SteerX: Creating Any Camera-Free 3D and 4D Scenes with Geometric Steering



1KAIST 2EverEx 3Yonsei University

(* : Equal Contribution, † : Corresponding Author)

SteerX seamlessly integrates video generative models and scene reconstruction models, enabling any 3D/4D scene generation without camera conditions.

Abstract

Recent progress in 3D/4D scene generation emphasizes the importance of physical alignment throughout video generation and scene reconstruction. However, existing methods improve the alignment separately at each stage, making it difficult to manage subtle misalignments arising from another stage. Here, we present SteerX, a zero-shot inference-time steering method that unifies scene reconstruction into the generation process, tilting data distributions toward better geometric alignment. To this end, we introduce two geometric reward functions for 3D/4D scene generation by using pose-free feed-forward scene reconstruction models.
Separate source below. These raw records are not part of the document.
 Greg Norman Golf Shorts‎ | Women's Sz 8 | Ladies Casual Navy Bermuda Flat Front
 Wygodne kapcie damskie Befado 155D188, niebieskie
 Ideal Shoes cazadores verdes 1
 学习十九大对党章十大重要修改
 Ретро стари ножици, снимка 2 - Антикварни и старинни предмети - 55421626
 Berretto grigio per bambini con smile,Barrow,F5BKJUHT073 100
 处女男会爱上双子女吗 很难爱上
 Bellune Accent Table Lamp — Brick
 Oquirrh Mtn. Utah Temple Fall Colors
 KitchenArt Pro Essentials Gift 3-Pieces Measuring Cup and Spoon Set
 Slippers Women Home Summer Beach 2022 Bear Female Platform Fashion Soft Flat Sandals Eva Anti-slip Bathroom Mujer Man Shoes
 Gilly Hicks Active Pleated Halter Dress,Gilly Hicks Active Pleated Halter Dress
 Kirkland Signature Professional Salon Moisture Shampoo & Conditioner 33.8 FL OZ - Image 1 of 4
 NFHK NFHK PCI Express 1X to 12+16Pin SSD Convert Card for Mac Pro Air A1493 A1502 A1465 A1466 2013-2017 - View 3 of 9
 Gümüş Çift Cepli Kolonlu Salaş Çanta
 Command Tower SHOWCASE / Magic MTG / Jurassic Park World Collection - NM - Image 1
Through extensive experiments, we demonstrate the effectiveness of SteerX in improving 3D/4D scene generation.

Geometric Rewards

Our reward functions assess the geometric consistency of intermediate generated video frames by computing the feature similarity of upscaled DINO features. (a) GS-MEt3R evaluates feature similarity between the original video frames and their corresponding rendered images from 3DGS. (b) Dyn-MEt3R unprojects background features from half of the video frames and reprojecting them onto the remaining frames to compute feature similarity.

Geometric Steering

Our geometric steering builds on Feymann-Kac Steering which resamples particles to guide the data distribution toward high reward samples. By incorporating geometric rewards, we iteratively tilt the data distribution to generate geometrically aligned samples using any video generative model.